------ RECORDS SHOWN ------

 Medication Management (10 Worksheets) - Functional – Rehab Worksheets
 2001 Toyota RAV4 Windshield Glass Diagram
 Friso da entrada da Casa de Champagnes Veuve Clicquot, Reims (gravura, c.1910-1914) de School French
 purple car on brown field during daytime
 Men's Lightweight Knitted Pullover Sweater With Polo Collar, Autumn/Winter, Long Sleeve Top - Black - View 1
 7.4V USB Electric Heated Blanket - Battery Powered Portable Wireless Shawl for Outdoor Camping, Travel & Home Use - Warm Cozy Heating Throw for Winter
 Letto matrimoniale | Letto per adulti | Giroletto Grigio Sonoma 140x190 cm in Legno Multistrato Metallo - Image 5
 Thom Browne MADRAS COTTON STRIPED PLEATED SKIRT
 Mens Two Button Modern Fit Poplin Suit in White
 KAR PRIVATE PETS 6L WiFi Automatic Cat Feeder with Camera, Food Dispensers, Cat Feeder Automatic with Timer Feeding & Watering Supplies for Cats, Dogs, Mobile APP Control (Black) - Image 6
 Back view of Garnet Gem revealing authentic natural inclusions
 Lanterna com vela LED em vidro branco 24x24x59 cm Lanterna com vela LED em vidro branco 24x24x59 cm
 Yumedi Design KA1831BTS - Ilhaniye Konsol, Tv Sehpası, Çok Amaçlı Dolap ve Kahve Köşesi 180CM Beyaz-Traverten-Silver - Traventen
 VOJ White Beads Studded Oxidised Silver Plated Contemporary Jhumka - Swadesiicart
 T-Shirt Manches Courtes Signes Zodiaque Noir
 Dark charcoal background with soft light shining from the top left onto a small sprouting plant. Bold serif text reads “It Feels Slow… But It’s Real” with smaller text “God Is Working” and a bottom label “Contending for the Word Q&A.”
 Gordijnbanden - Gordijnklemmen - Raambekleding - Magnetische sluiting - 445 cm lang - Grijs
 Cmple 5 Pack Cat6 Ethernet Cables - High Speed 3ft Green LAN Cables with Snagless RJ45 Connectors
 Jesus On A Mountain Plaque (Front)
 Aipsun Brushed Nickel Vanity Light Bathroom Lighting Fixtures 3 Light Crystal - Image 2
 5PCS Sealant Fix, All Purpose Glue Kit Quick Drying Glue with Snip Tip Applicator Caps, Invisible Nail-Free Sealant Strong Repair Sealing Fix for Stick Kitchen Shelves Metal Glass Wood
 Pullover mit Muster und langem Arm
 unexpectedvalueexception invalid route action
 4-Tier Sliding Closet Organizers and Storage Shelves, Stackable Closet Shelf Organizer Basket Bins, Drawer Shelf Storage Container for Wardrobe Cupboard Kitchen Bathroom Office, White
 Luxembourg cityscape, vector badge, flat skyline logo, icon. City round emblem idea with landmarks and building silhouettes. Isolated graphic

------

### [TASK REQUIREMENTS]
Go through the data above and copy each line that holds the word "Silver".

### [WRITTEN ANSWER]
 Yumedi Design KA1831BTS - Ilhaniye Konsol, Tv Sehpası, Çok Amaçlı Dolap ve Kahve Köşesi 180CM Beyaz-Traverten-Silver - Traventen
 VOJ White Beads Studded Oxidised Silver Plated Contemporary Jhumka - Swadesiicart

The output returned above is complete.